Pershing Square’s 7 Bullish Analyst Targets

Banks and brokerages often release 12 to 18 month price targets for the stocks they cover. Analyst upgrades and downgrades alone can often impact a company’s stock price.

“In the short run, the market is a voting machine but in the long run, it is a weighing machine.” – Benjamin Graham

The table below ranks stocks in Pershing Square’s portfolio with most bullish analyst targets:

Pershing Square 7 Bullish Analyst Targets
Ticker Name Upside (Analyst Target) % Of Portfolio
PAH PLATFORM SPECIALTY PRODS COR 25.3% 8.1%
HHC HOWARD HUGHES CORP 22.1% 6.3%
UTX UNITED TECHNOLOGIES CORP 20.3% 5.1%
QSR RESTAURANT BRANDS INTL INC 17.5% 28.6%
MDLZ MONDELEZ INTL INC 17.3% 14.0%

Platform Specialty Products Corporation (NYSE: PAH) appears to be the most undervalued stock in the fund based on the average price target from Wall Street analysts.

Howard Hughes Corporation (The) (NYSE: HHC) appears to be the second most undervalued stock in the portfolio. The company’s upside of 22.1% is very intriguing. With 20.3% margin of safety, United Technologies Corporation (NYSE: UTX) is the third most attractively priced security.


Why Follow Bill Ackman’s Portfolio?

Herbalife (NYSE: HLF). Valeant Pharmaceuticals (NYSE: VRX). Target (NYSE: TGT). These are just a few of the companies that activist investor Bill Ackman has muscled his way into, some of which have left him tattered and others have catapulted him to billionaire status.

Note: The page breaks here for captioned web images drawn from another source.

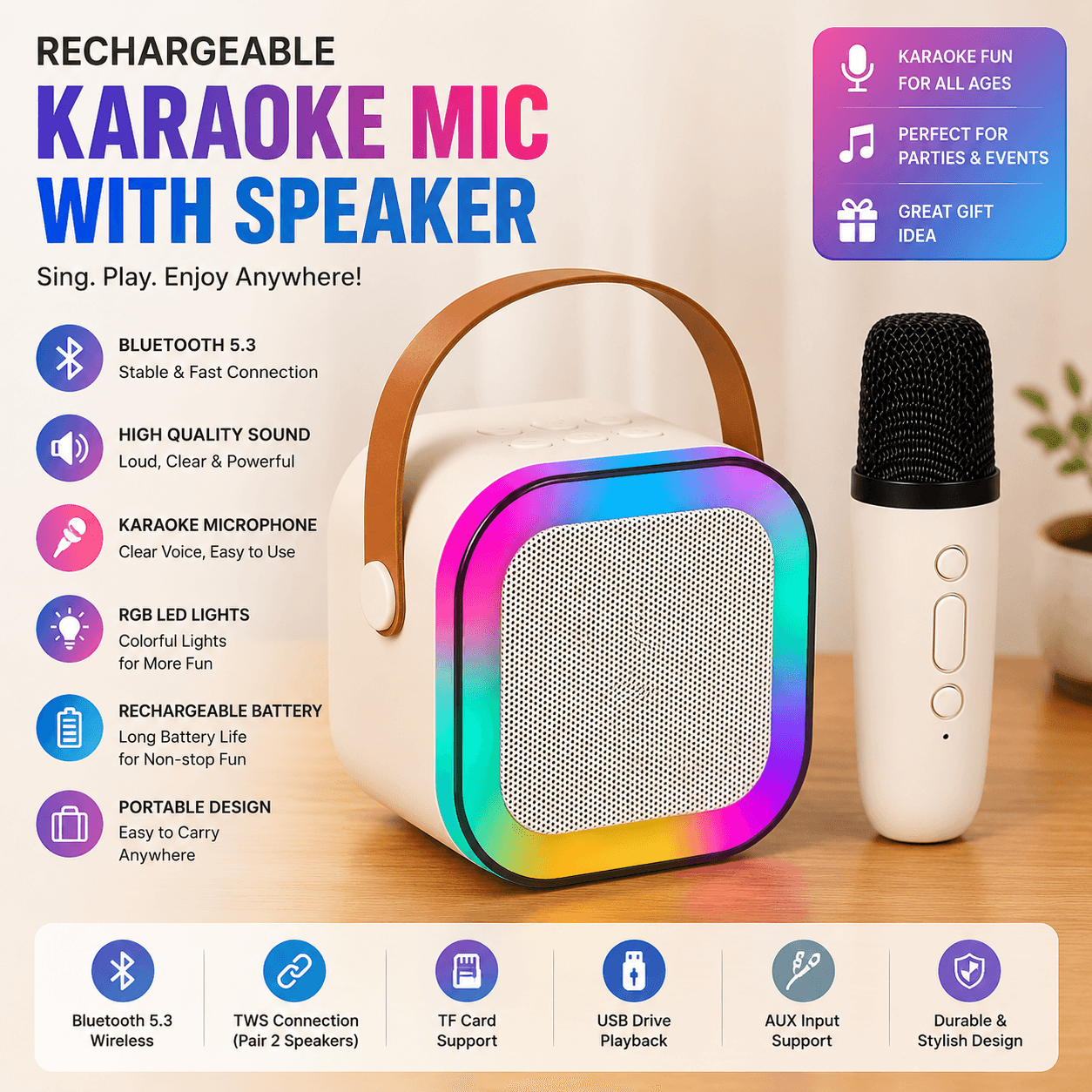 Mike With Speaker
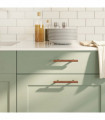 vidaXL Cabinet Handles 10 pcs Bronze 96 mm Stainless Steel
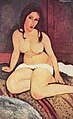 Amedeo Modigliani: Akt siedzący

When Ackman invests, he places billion-dollar bets on a handful of companies. This Indiana Jones approach has led to some bruising defeats, including a nearly $4 billion loss from a misplaced Valeant position. With rare humility, Ackman apologized to his investors for what he coughed up as a mistake.

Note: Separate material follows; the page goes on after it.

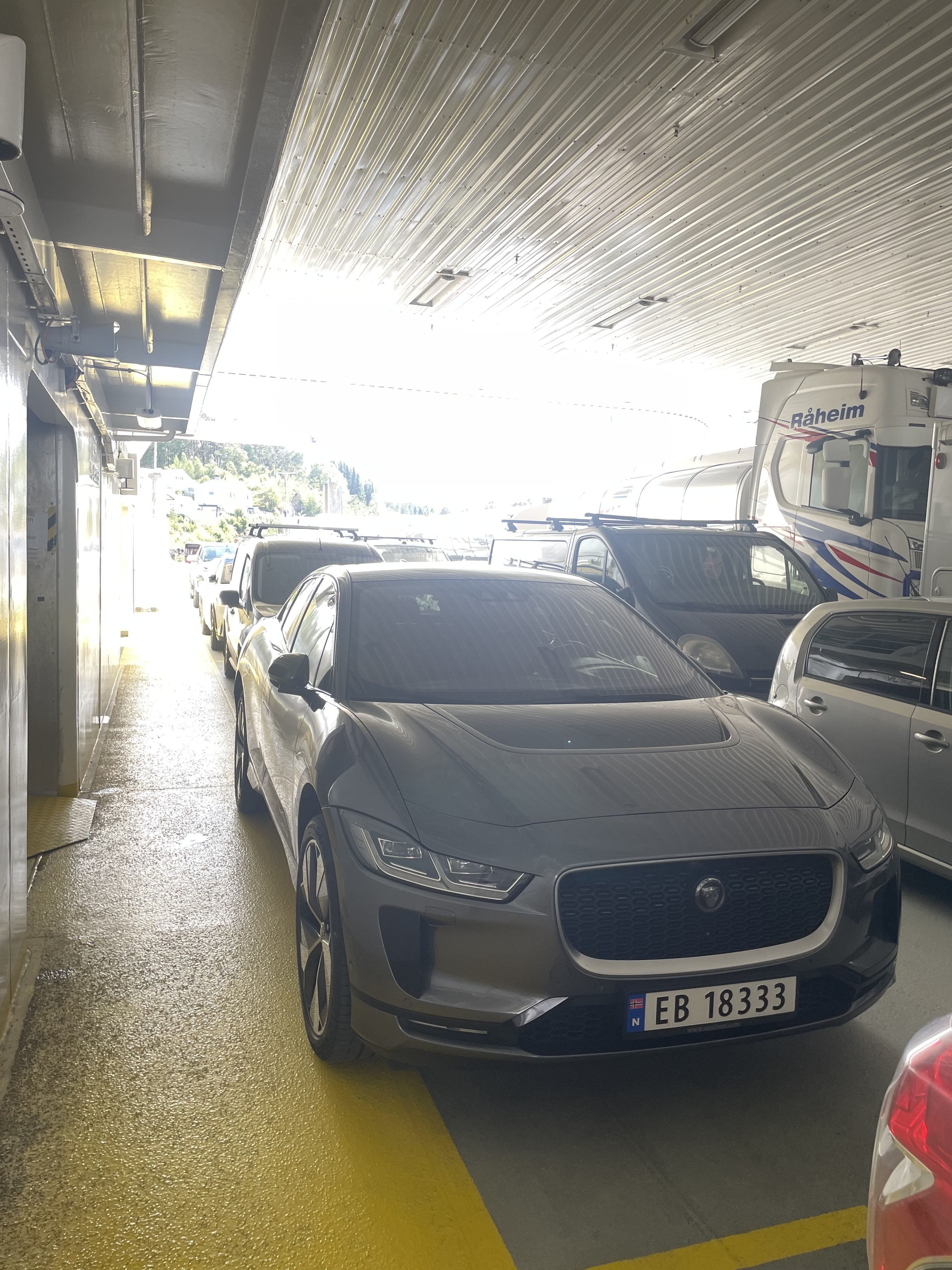 Jaguar I-Pace EV400 HSE, 2019, Elektrisk, automatisk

One of Ackman’s most infamous bets was his multi-year $1 billion short position on weight loss and nutritional supplements play Herbalife, a position he abandoned amid the rise of the company’s stock despite Ackman’s cries of a pyramid scheme. Although Ackman and Pershing Square have struggled recently, the hedge fund does have a track record of producing strong returns for investors.

The ideas section of finbox.io tracks top investors and trending investment themes. You can get the latest data on the holdings discussed above at the Pershing Square page.

As of this writing, I did not hold a position in any of the aforementioned securities and this is not a buy or sell recommendation on any security mentioned.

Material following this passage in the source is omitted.